WikiSort
WikiSort copied to clipboard
Looking to improve Grailsort with ideas from Wiki; help wanted!!
Hello, Bonzai!
I've been quite interested in Wikisort and Block (Merge) Sort in general for a while now. Back in AP Comp Sci, you could say I was a bit floored when I found out a stable, O(1) space, and worst-case O(n log n) time sort actually existed. :P
I've also done a bit of personal studying into sorts, and forked over a decently popular "algorithm animation" program, which I've been working on for quite some time now! In fact, here are some videos I made regarding Wikisort (Feel free to use them!): WikiSort - Bar Graph: https://youtu.be/ciQG_uUG6O4 WikiSort - Scatter Plot: https://youtu.be/mMr4b0Yg4yg WikiSort - Color Circle: https://youtu.be/OWxuXJQ3Guw Wikisorting over 16k Numbers: https://youtu.be/X3SyGvfj1d8
I've been doing a lot of research on and off not only into Wikisort, but also Andrey Astrelin's Grailsort (I saw he talked to you in another post), which turns out to be a bit of a different implementation of Block Merge Sort. What it sacrifices in terms of adaptability in some places (best-case O(n log n) time instead of Wikisort's O(n) best-case), it makes up with raw speed in other cases (I would wager Grailsort's "Build Blocks" function is one of the fastest merge sorts out there).

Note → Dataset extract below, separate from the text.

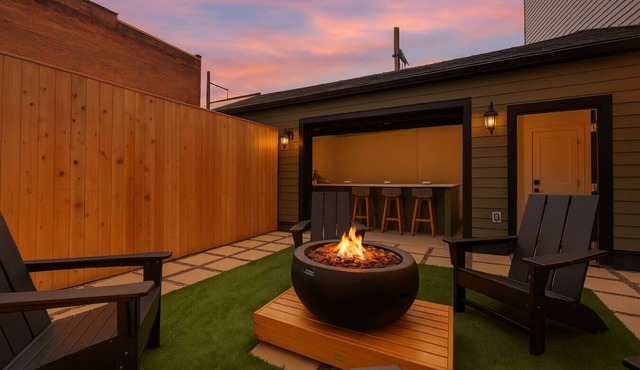 Ultimate Stay | Hot Tub, Fire Pit & Game Room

I've done some visualizations of the sort here; hopefully they demonstrate the major differences between Wiki and Grail: Grail Sorting 2,048 Integers: https://youtu.be/LJbXsV_qGbs GrailSort Redistributing Its Internal Buffer: https://youtu.be/8SV18oH8kPc A Detailed Visual of GrailSort: https://youtu.be/U29NB96Y-9w Grailsorting over 16k numbers: https://youtu.be/kZJ7h307bcQ
I also have some refactored repos for Grailsort. They're rough drafts, but hopefully the code is easier to read than the original: Java Version: https://github.com/MusicTheorist/Grail-Sorting-for-Java C/C++ Version: https://github.com/MusicTheorist/Grail-Sort-Refactored
I'm also looking to create some documentation for both Grail and Block Merge Sort to make them much more intuitive, like what you've done with your docs.
I basically agree with Mr. Astrelin on the major changes between Grail and Wiki: "[Grail] mainly differs by swapping blocks and their tags in parallel before merging, and shifting the position of an internal buffer used for locally merging/appending portions of an array".

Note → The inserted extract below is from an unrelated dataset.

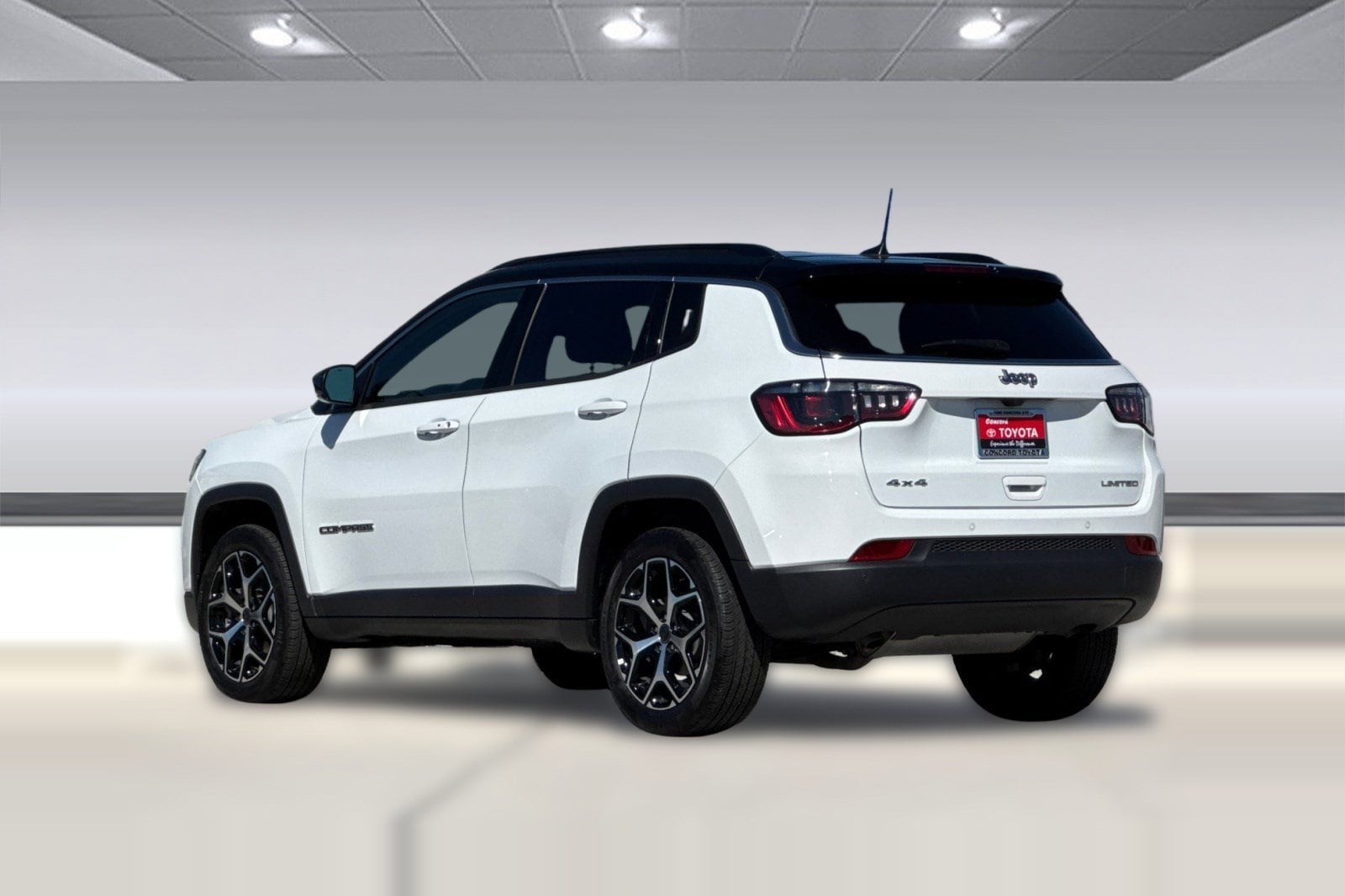 2025 Jeep Compass Limited photo 3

While Grailsort is a great algorithm, I do see some significant room for improvement, and I thought I would ask you for some help if you're interested! There are definitely aspects of Wikisort I think Grailsort would benefit from, and hopefully a conversation would help to make sure I understand Blocksort alright!
My questions for now would be:
- What do you consider the fastest/most efficient step(s) in Wikisort? What about the slowest/least efficient?
- I saw one of your closed issues asking if a backwards merge was possible. Is it, and even if it is, would it possibly break stability?
- What was your strategy for getting Wikisort to be adaptive?
- Do you have any updates on why Java's JIT compiler slows down Wikisort?
- Are there any important edge cases to watch out for when reordering/swapping A and B blocks?
- What's the complexity of your "extract keys" method? Grailsort's "find keys" method alone is O(n log n) comparisons in the worst-case, i.e. when there are less than 2 * sqrt(n) unique keys in the array.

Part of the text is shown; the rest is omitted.